In the cold season, warm dishes, spoon, and the usual dishes, like this one with stewed lentils, are able to comfort in the most winter days.
Lentils are a classic in every house and I am sure that in each of them there is a different way to prepare them, but if you are one of those who start cooking and do not know what proportions you need to make this recipe well, do not miss our delicious stewed lentils, with virtually no fat, only olive oil , but full of flavor.
We will start washing the lentils. On the other hand, we chop the onion, carrot, green pepper, leek and tomato in small pieces if it is natural.
In a pot we put three tablespoons of olive oil to heat, add the vegetables except for the tomato and stir them over low heat for five minutes, leaving them slightly. Add the diced tomato or homemade tomato sauce and let it cook for three more minutes.

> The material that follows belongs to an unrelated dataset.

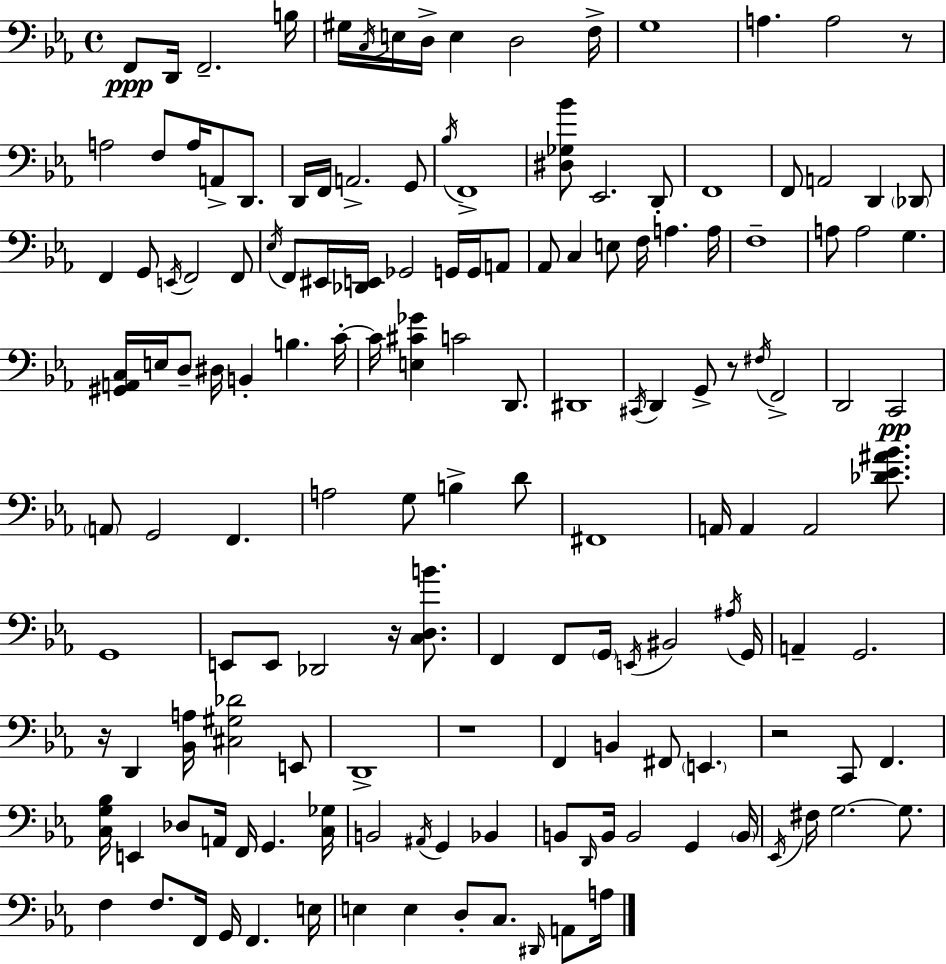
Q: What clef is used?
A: bass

Add the lentils, bay leaf and potatoes by tearing them with the knife. We turn around with a wooden spoon and let everything cook together for two minutes, add cold water until it covers the lentils about two centimeters above. We salted and let cook covered for fifteen minutes if we make them in an express pot or fifty minutes if it is in a traditional pot.
When cooked we prepare a pan with the remaining oil and heat it. Add the garlic clove fillet and lightly brown it, remove the pan from the heat and add the paprika, stirring and adding this stir-fry to the pot of the lentils. Let cook five more minutes and serve hot.
With what to accompany the stewed lentils
These stewed lentils are a great option to leave made the day before and arrive from work having the food prepared. As I am Galician I prepare them in the style of my land and I always add potato, but if you do not like or feel like it, prepare them without it and so the dish also has a plus, it perfectly admits freezing, being able to cook double quantity and have food Made for two days.